Records from a dataset
------------------------------------
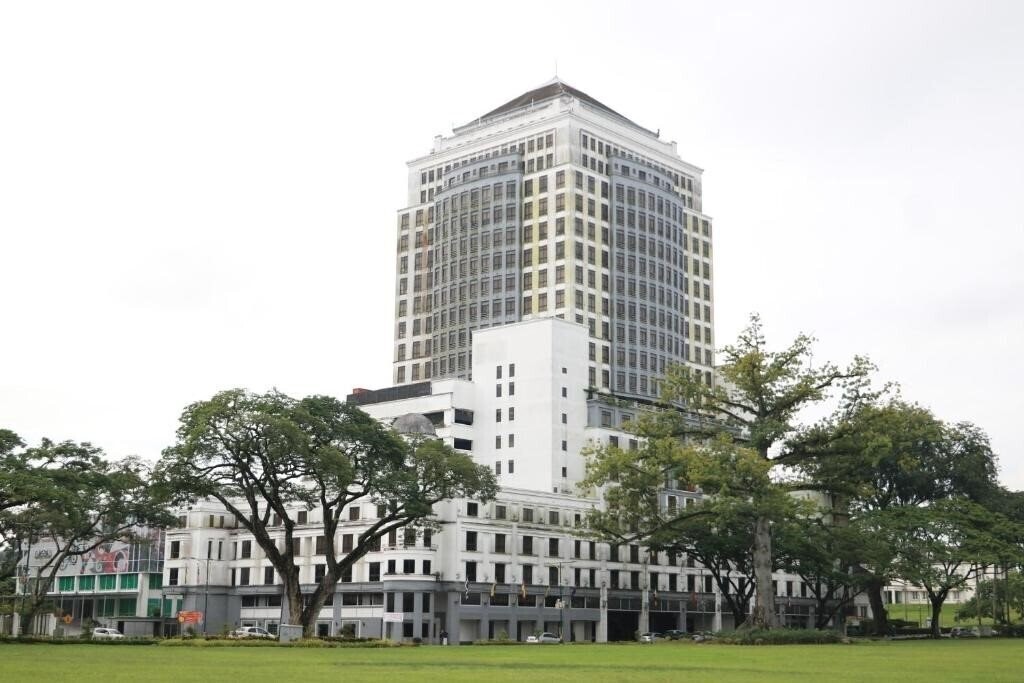 Готель Merdeka Palace 5*
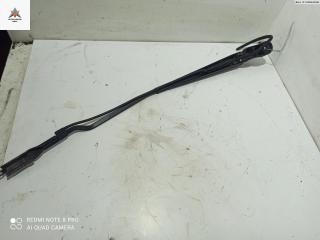 Щеткодержатель (поводок стеклоочистителя) передний Mercedes-Benz Vito-2 / Viano W639 2007, 2.2 л., дизель, МКПП, белый, микроавтобус, 6398200844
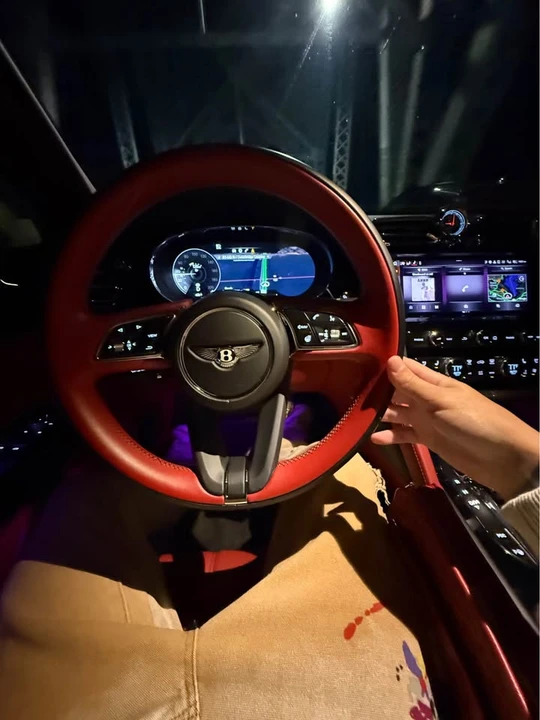 2021 Bentley Bentayga - Image 11 of 19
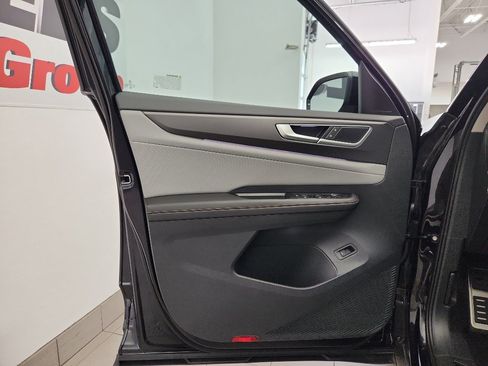 New 2026 Volkswagen Atlas Peak Edition AWD/4WD image 8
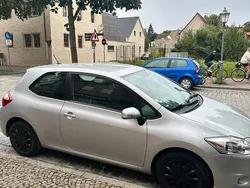 Grau Gebraucht 2011 Toyota Auris Kleinwagen | 5.500 € (Fairer Preis)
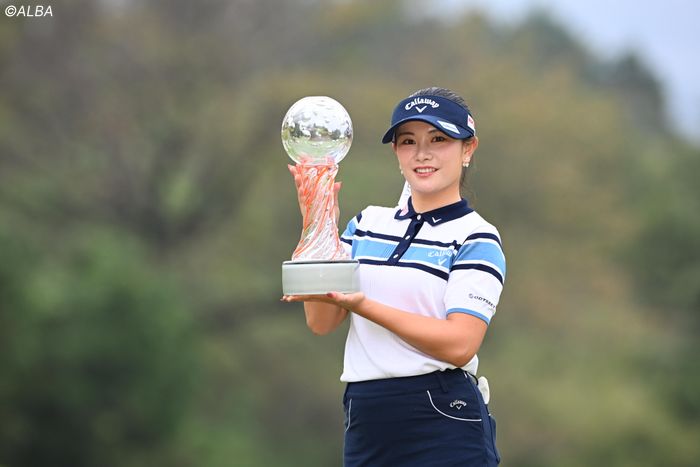 河本結が逃げきりで今季2勝目 史上初の変則9ホール決戦制す「熱い声援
------------------------------------
→ Task directions
Without including any pictures, reproduce the data exactly.

→ Task response
 Готель Merdeka Palace 5*
 Щеткодержатель (поводок стеклоочистителя) передний Mercedes-Benz Vito-2 / Viano W639 2007, 2.2 л., дизель, МКПП, белый, микроавтобус, 6398200844
 2021 Bentley Bentayga - Image 11 of 19
 New 2026 Volkswagen Atlas Peak Edition AWD/4WD image 8
 Grau Gebraucht 2011 Toyota Auris Kleinwagen | 5.500 € (Fairer Preis)
 河本結が逃げきりで今季2勝目 史上初の変則9ホール決戦制す「熱い声援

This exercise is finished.